Forget, also, any federal criminal-justice reform, which was on the cusp of passage in Congress before Mr. Trump’s “law and order” campaign. Mr. Sessions strongly opposed bipartisan legislation to scale back the outrageously harsh sentences that filled federal prisons with low-level drug offenders. Instead, he called for more mandatory-minimum sentences and harsher punishments for drug crimes. The one bright spot was his working with Democrats to reduce the 100-to-1 disparity between punishments for crack and powder cocaine offenses.
Slate: Attorney General Jeff Sessions Would Spell Absolute Disaster for Civil Rights in America
Sessions’ views on other minority groups are equally grisly. He opposes hate crime protections, marriage equality, and open military service for gay and transgender people. He rejects essentially all immigration reform, supports mass deportation of undocumented immigrants, and wants to build a wall along the Mexican border. He defends Trump’s Muslim ban. And he denies that grabbing women’s genitals without their consent constitutes sexual assault. (For the record: It does.)

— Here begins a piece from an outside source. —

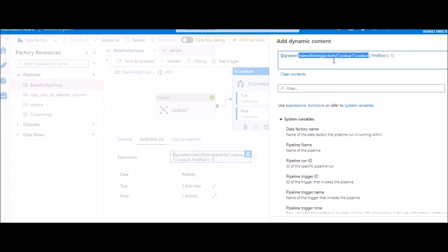This will take the lookup output as text and check if it has first row in it. If it does not find the text, it will return minus one. Anything more than that means we have one record in lookup, and that's the trick.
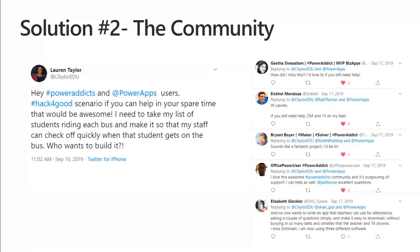So I just put it out to the community. I posted on Twitter, hashtagged the Power Addicts and Power Apps, and I just asked — hey, this is kind of a hack-for-good scenario. This is the situation, who can help me build it? And this is just one screenshot of some of the immediate Twitter responses from people who just wanted to help, either provide a solution or hands-on build the app. I was blown away because I just thought a couple people might offer some advice, but I ended up having a group of people who really wanted to build it.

Presuming Sessions is confirmed—and he almost certainly will be, given the Senate’s Republican dominance and the spinelessness of its “moderate” wing—these prejudiced beliefs will translate into an immediate rollback of civil rights. First, Sessions will immediately halt Attorney General Loretta Lynch’s groundbreaking efforts to protect transgender rights. Second, he will dramatically curtail the Justice Department’s use of the Voting Rights Act’s remaining provisions to protect minority suffrage. Third, Sessions will probably stop investigating possible instances of police brutality and discrimination. Fourth, he will likely reverse Lynch’s vigorous implementation of the Violence Against Women Act, allowing funds to dry up for grant programs that help states combat domestic violence. Fifth, he can use his vast law enforcement apparatus to target, surveil, and intimidate Muslim communities with no reasonable suspicion of wrongdoing.

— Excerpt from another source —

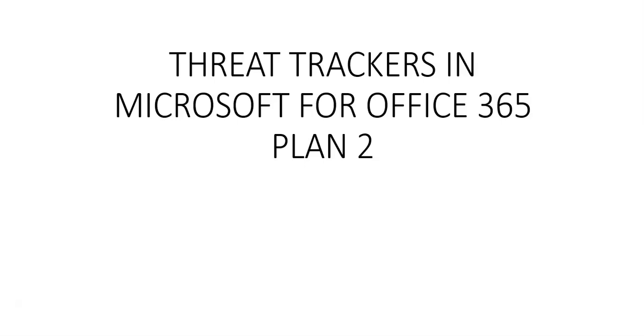Threat Explorer, also known as Explorer, can be found on security.microsoft.com or the Microsoft Defender portal. We use these queries to automatically or manually discover cybersecurity threats in our organizations. Let me quickly log on to the portal and take it from there.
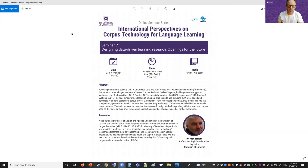We started the recording for this session, our ninth session in the International Perspectives on Corpus Technology for Language Learning series, organized in conjunction with the University of Queensland and the State University of São Paulo in Brazil, as well as our European partners. We have a contribution tonight from Professor Alex Bolton at the University of Lorraine, presenting his take on data-driven learning research design and areas of interest for future research.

Sessions was one of the 22 Republican senators who opposed the reauthorization of the Violence Against Women Act in 2013. The bill aimed to broaden the reach of domestic violence programs to include new protections for LGBT and Native American victims of domestic violence.

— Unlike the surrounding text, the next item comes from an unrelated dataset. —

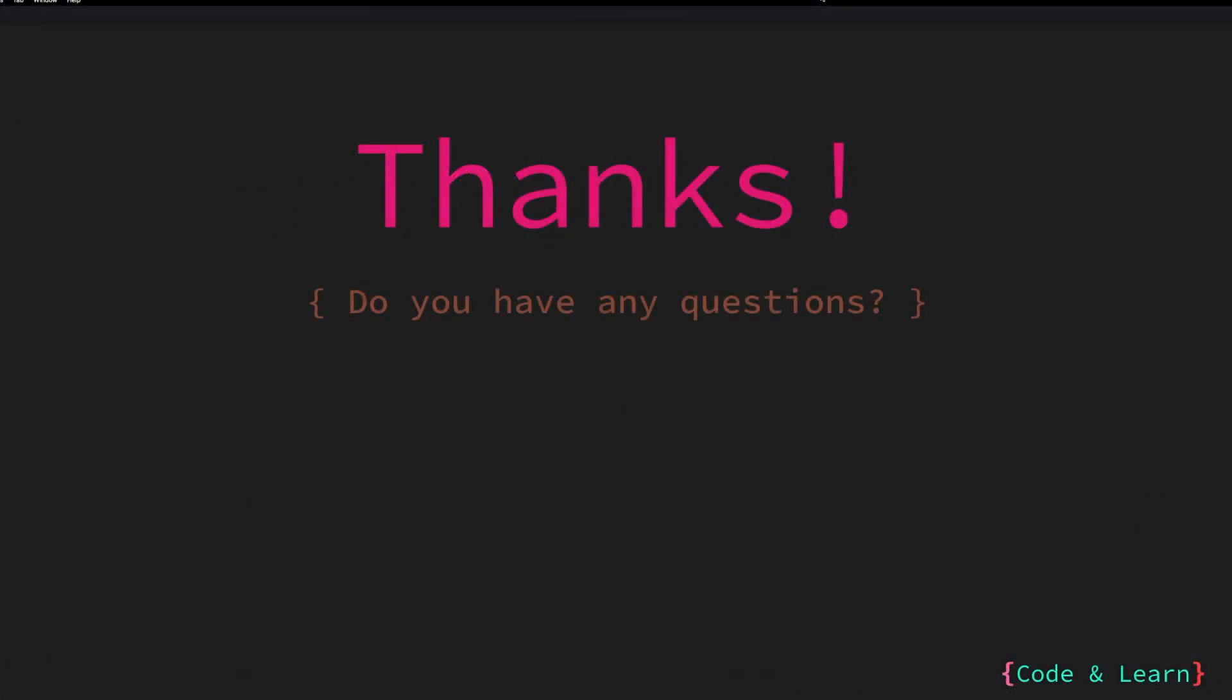Thanks for watching the video. If you have any questions, please feel free to comment on the video below, or you can reach out to our discord server. I hope you enjoyed the lesson. Happy coding.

… Sessions has consistently voted against abortion rights, and has been heavily criticized by pro-choice activists. “The last person women and families need in this job is someone who has repeatedly given a pass to individuals who commit acts of violence against abortion clinics, doesn’t take sexual assault seriously, and was determined to be too racist by a GOP-led Senate to become a federal judge,” Ilyse Hogue, the president of NARAL Pro-Choice America, said in a statement. “But that’s who Jeff Sessions is. His record of misogyny and racism makes him unfit to be the country’s top lawyer. The American people deserve far better, but with Donald Trump at the helm, we know we won’t get it.”
Daily Beast: With Jeff Sessions, Donald Trump Begins Dismantling Barack Obama’s Justice Department
But Sessions—once deemed “the most racist man in the Senate”—has been among Donald Trump’s most fervent loyalists. A Confederate flag devotee, he was on the campaign, early and hard, when others flat out refused to be caught in the same room with the former real-estate developer. Where others had shame, Sessions beamed with pride.
… Sessions, who is staunchly anti-immigration, can be counted on to help Trump build that wall, institute a ban on Muslim immigration altogether or create the legal perimeters for a federal registry. We can expect Sessions to find legal justification for any and all of Trump’s bigoted schemes.